Aurora Labs develops a range of metal 3D printers that it says are far cheaper than its competitors.
The startup offered 14 million shares at 20 cents each to raise the $2.8 million after lodging a prospectus in June.
Aurora Labs opened its first day of trading at 54 cents and closed on Wednesday at 70 cents.
Aurora Labs CEO David Budge says it’s an “exciting” moment for the early-stage tech company.
“The whole process of moving from private to public is a fairly steep learning curve for anybody,” Budge tells StartupSmart.
“It’s been a very good process overall and we’re certainly very happy with the results in the end.
“There’s a lot of interest in the company moving forward and this is a fairly significant milestone. We’re only two years old and this is a big stepping stone.”
The cash injection from the listing will be used to bring Aurora Labs’ small format 3D printer to market and further the development of the medium and large models, Budge says.
“The idea behind it is to take the technology we’ve developed with the small format printer and get it into the marketplace,” he says.
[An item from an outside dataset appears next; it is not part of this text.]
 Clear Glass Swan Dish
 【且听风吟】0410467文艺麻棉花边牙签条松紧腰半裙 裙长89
“We’ve reached the end of the beta testing phase and we’re moving into production.”
He says he originally set out to raise a round of private funding to facilitate this but after encountering difficulties decided to turn to the public markets.
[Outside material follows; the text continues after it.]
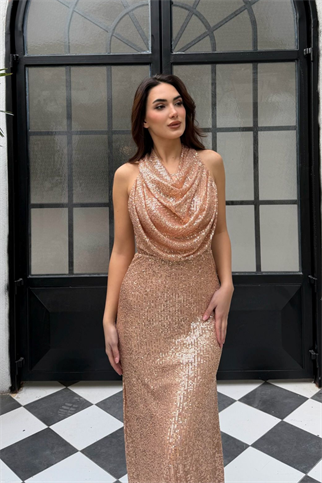 Berrak Payet İşleme Degaje Yaka Abiye 1089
“We examined the private route extensively and that was our preferred method originally,” Budge says.
“We found it difficult to get funding in Australia. If we had been in the US we would’ve found it somewhat easier but we were keen to keep it as an Australia company so we decided on IPO funding for the next level.”
The listing comes as the ASX is on the brink of implementing new financial thresholds that would prevent many early-stage startups from listing.
Under the proposed rule changes, the Aurora Labs IPO would be blocked as the company is yet to generate any revenue or profit according to its prospectus.
Budge says that if young tech companies are blocked from the ASX more private funding needs to be on offer.
“Australia needs to have a route for small companies to have access to capital,” he says.
“Given that we don’t have such a broad base of venture capital as in the US something needs to be done to encourage that or the public route becomes the preferred route.
“In saying that, the fundamentals of the business need to be founded in order to be listed. You need a bit more than just a concept.”